**Data block:**
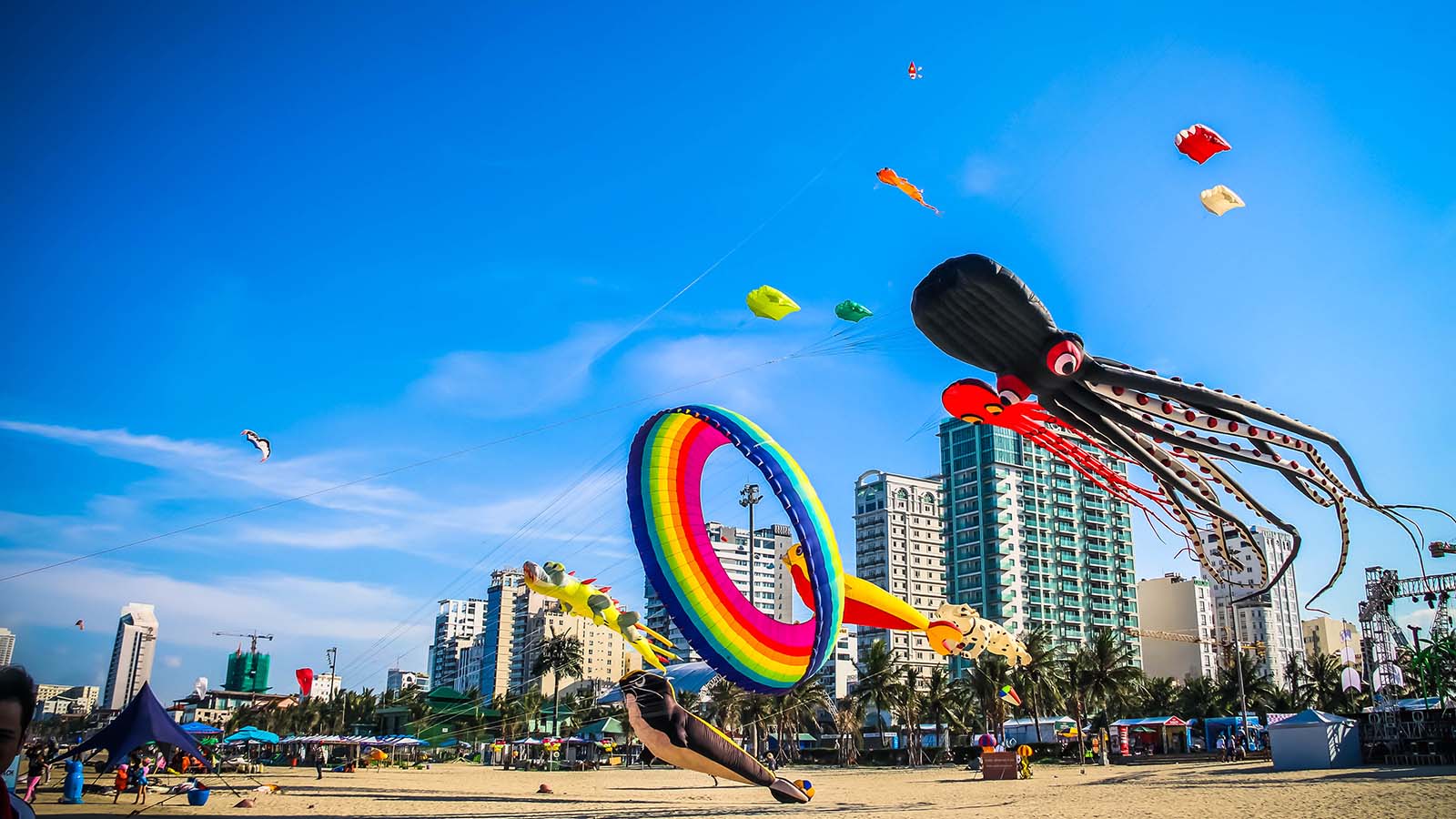 Le Hoi Tuyet Voi Da Nang 2020 Hoanh Trang Va Hap Dan Dang Cho Don Ban 08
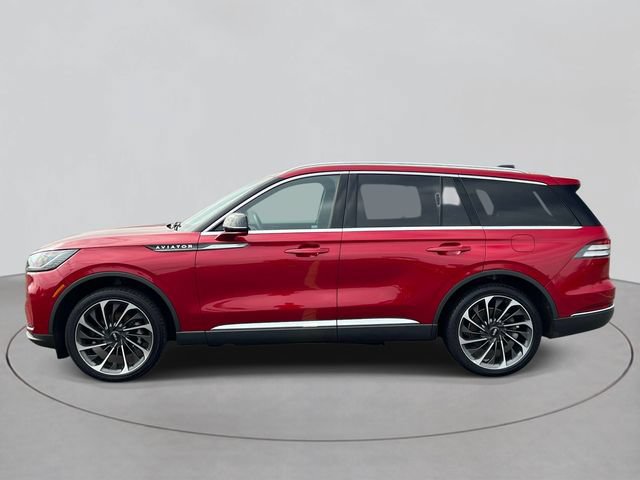 Used 2025 Lincoln Aviator Reserve w/ Equipment Group 201A AWD/4WD image 2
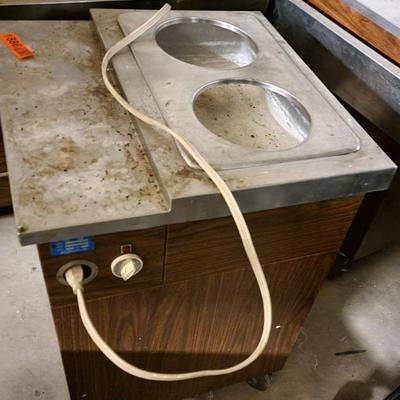 Soup warmer cabinet on wheels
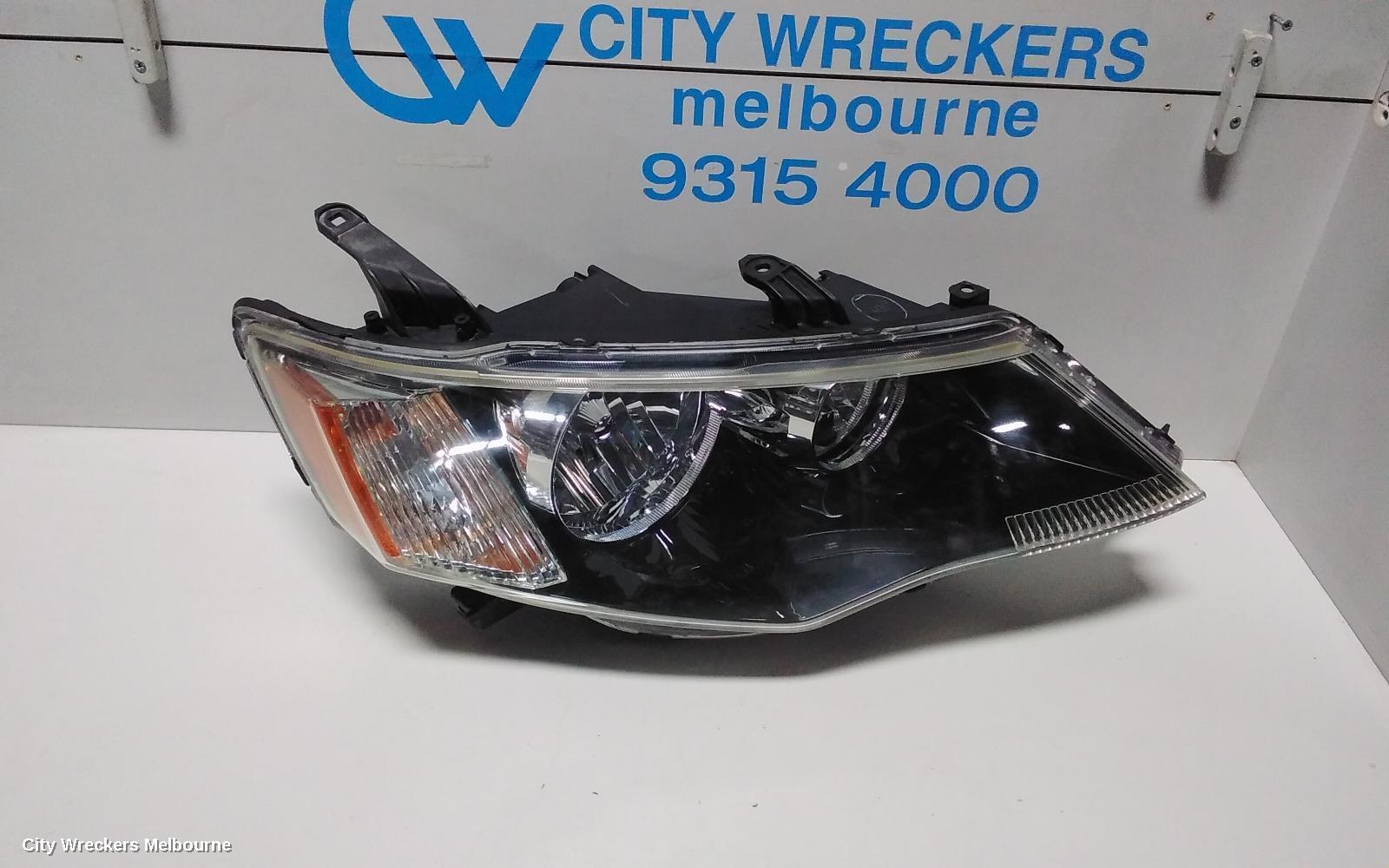 MITSUBISHI OUTLANDER 2010 Right Headlamp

**Prompt:** Line by line, write out the material above exactly, with no images.

**Answer box:**
 Le Hoi Tuyet Voi Da Nang 2020 Hoanh Trang Va Hap Dan Dang Cho Don Ban 08
 Used 2025 Lincoln Aviator Reserve w/ Equipment Group 201A AWD/4WD image 2
 Soup warmer cabinet on wheels
 MITSUBISHI OUTLANDER 2010 Right Headlamp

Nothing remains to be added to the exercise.